# Skinning a coyote



## teredpse (Nov 11, 2015)

When should I skin the coyote. Shot one this am. Also how to clean the blood off the fur.

Sent from my LGLS990 using Tapatalk


----------



## Larry (Dec 2, 2010)

Really makes no difference. Just expect it to take some time as coyotes don't pull well. I use a two stick method for pulling the tail from the tail bone. Just squeeze two sticks together over the base and pull hard.

You can wash the whole hide after its skinned and fleshed (fleshed if required!! most yotes don't need fleshed.)

I like Tide detergent for cleaning fur. No need for a wash machine, put the whole hide in a bucket of mixed up tide/water (1/2 coffee cup of tide/5 gallons) and let it sit for an hour. Rinse in a bucket of clean water.

Afterwards you can easily dry the pelt with a leaf blower or hair dryer. (hair dryer will take some time). Stitch up the holes from skinning and bullets before stretching. If you don't remove the cartilage from the ears, put a fair amount of table salt on them. Sprinkle some on the tail and the front legs also. It will pickle the meat and if you tan it right away it will stop the flies from laying eggs.

It works just fine on a skin or two. Next time around grab some Borax Soap or Non Iodized Pickling salt from the grocery store and use it. Stretch skin side out in the basement or other cool place. When the flesh side starts to a crackly sound and has lost when squeezed, pull it off the stretcher and finish drying fur side out.

If you don't use wooden stretchers and use steel ones, put a one foot long 3/4" 1"x4" board in the claw end. This will help keep the air moving until its 100% dried. No need for this on wooden stretchers as the the thickness of the wood keeps the pelt separated.

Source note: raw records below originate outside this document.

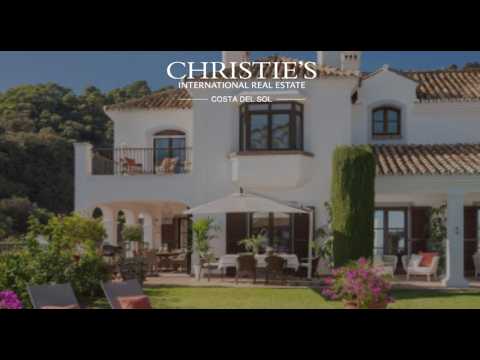 Wonderful luxury villa in the countryside with Andalusian flair, El Madroñal, Benahavis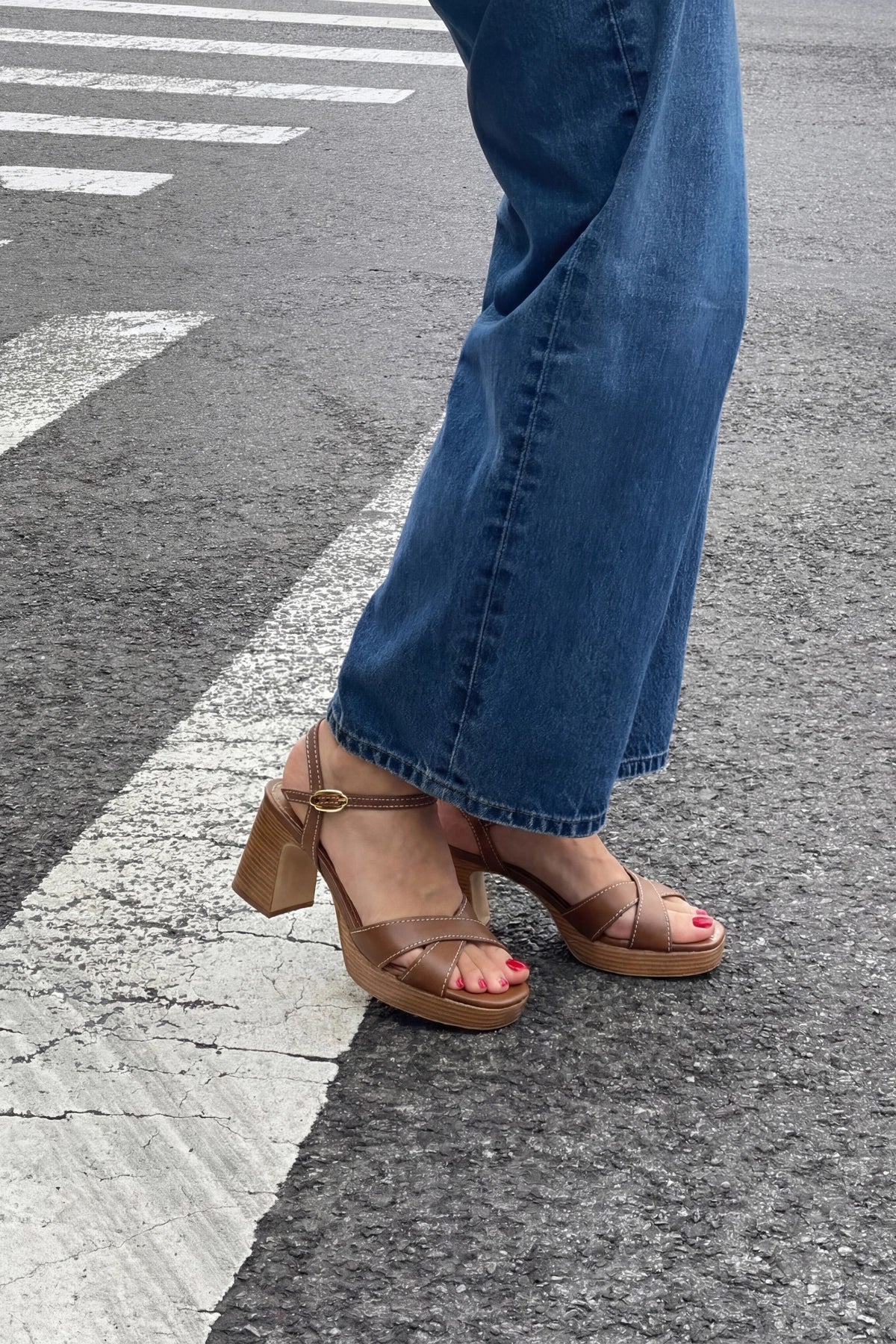 Bianca Low Sandal Caramel Leather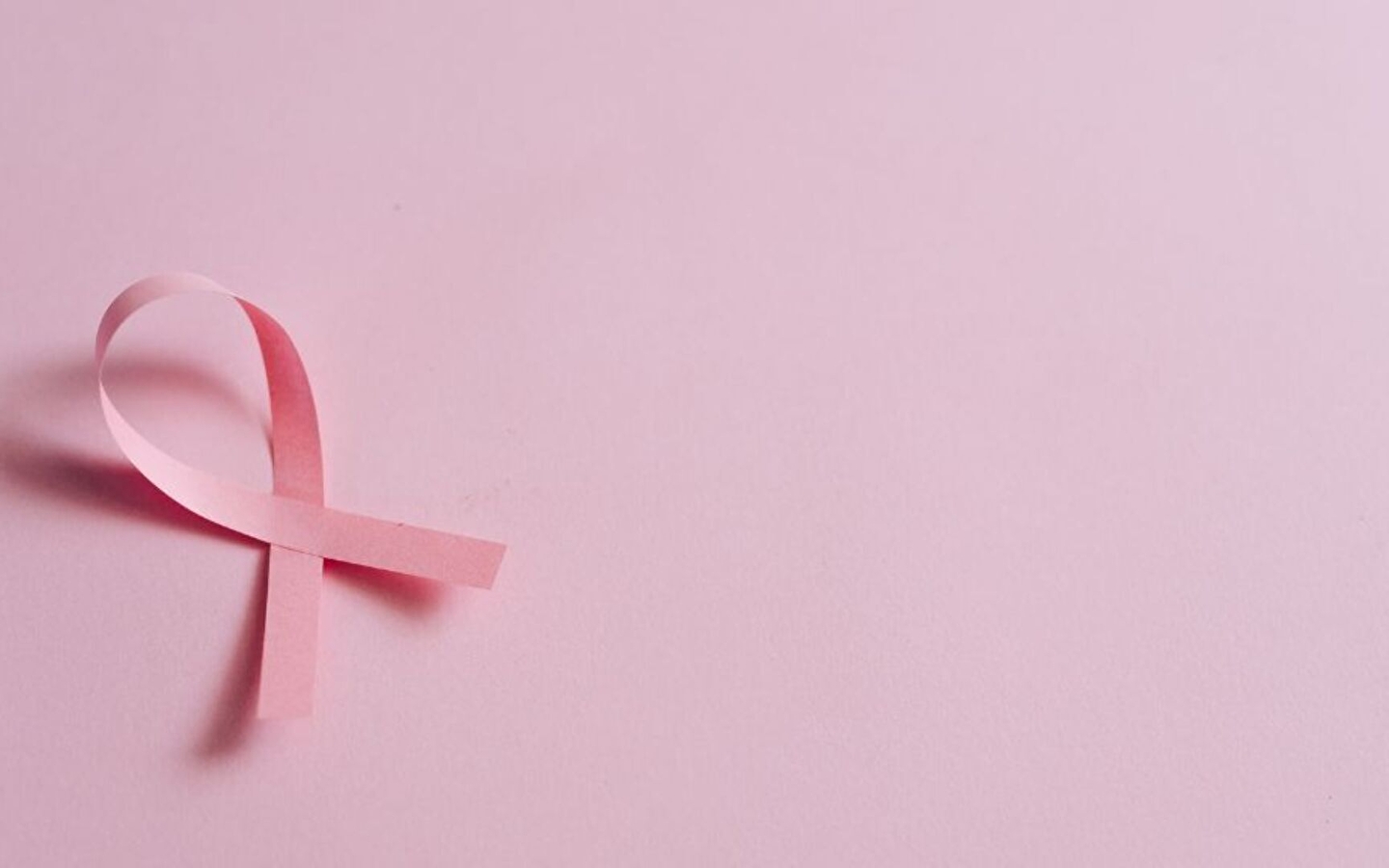 Octobre rose : fabrication de rubans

Remember...coyotes can't fly

Larry


----------



## teredpse (Nov 11, 2015)

The coyote is pretty stiff form riger. Does that hurt the skinning

Sent from my LGLS990 using Tapatalk


----------



## kiyote (Jun 15, 2014)

certainly is easier when fresh


----------



## Dang Dawg (Jan 14, 2013)

Way easer to skin them as soon as you get them back to your rig. Or even out in the field where you shot them if you have the stuff with you .I carry a dog choke chain caller to hang them from a tree or fence post . DONT drag them if your not on snow you brake off the long winter hair and that's the good stuff. After they freeze it is a wrestling match to get them to give up there skin...


----------



## prairiewolf (Feb 19, 2012)

Make sure you use cold water to wash, warm or hot can cause the fur to slip !!!!


----------